No doubt you’ve heard about the craze of footpath gardening, where residents of a street grow veggies and fruits on the council-owned verges in front of their homes?
Well, one community is facing a battle against their local council over red tape.
The Sunshine Coast town of Buderim has 11 streets taking part in the Urban Food Street program, which was an Aussie first when it began in 2009.
Now, seven years later the Sunshine Coast Council has sent residents a letter demanding they get a permit and $20 million of public liability insurance to be able to continue to grow their footpath gardens.
One of the residents who started the initiative told the ABC the residents were shocked because council officers had been inspecting the project since it began.
Caroline Kemp said the residents wanted to work with the council to sort the issue out.
“We’re not sure what’s instigated this attack on this neighbourhood at this time, and the residents feel a bit perplexed as to why the council was unable to approach them,” she said.
“The letter asserts that if someone hurts themselves on a verge and that person sues council, then council will sue the homeowner.”
She believes the cost of public liability insurance would threaten the footpath gardens.
The project has reportedly brought joy to many people, including a 90-year-old women who has two avocado trees growing out the front of her home.

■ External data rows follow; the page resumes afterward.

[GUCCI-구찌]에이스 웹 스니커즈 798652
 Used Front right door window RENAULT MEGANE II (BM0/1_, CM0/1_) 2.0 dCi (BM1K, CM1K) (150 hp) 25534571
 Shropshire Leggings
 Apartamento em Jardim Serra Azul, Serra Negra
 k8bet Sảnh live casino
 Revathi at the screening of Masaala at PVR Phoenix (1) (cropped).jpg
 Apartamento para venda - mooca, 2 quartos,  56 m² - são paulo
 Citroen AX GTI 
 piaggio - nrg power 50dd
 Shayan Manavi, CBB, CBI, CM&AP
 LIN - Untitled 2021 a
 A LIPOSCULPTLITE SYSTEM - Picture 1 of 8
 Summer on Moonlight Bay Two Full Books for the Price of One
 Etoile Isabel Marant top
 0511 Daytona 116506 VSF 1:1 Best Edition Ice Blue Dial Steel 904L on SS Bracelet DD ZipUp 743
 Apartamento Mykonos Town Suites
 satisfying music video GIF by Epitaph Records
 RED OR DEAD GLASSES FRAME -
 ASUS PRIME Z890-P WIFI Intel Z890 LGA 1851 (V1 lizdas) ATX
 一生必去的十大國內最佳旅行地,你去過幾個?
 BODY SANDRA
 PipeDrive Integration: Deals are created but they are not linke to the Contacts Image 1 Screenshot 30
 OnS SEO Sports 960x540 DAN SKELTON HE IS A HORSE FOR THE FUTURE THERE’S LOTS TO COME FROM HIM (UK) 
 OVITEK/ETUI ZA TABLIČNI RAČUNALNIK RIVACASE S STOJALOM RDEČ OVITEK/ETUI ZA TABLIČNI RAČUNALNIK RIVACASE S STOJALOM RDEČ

“She engages with people … sitting on her patio in the morning, she will talk to people going past,” Ms Kemp said.
“At 90 she’s not applying for a permit, she’s not taking out public liability insurance, so immediately — unless the community would pick up that expense for her — she’s excluded.”
You might be wondering what the council has to say for itself?
Well, according to one councillor public safety has to come first.
Division 7 councillor Ted Hungerford told the ABC some of the gardens had been over planted and were become “obstacle courses and hazards for people using it”.
“In some instances people can’t even walk along the verge and they’ve got to walk along the road,” he said.
“Cars and people don’t really mix.”
He said the permit system would be free, and would allow council staff to work with residents on where they could plant the gardens to make sure people could still walk on the footpath.
According to Cr Hungerford, the council wants them to continue the project in way that’ll be safe for the whole community.
Apparently, some of the residents could have the public liability insurance through their home insurance – according to the councillor.
The council has been slammed on the ABC News Facebook page, with people describing the rules as “nonsensical” and “out of touch”
The news comes just months after the Brisbane City Council relaxed the guidelines surrounding allowing residents to plant footpath gardens.
What do you think about this? Is it a case of red tape going too far? Or should the residents be required to get the permit and insurance?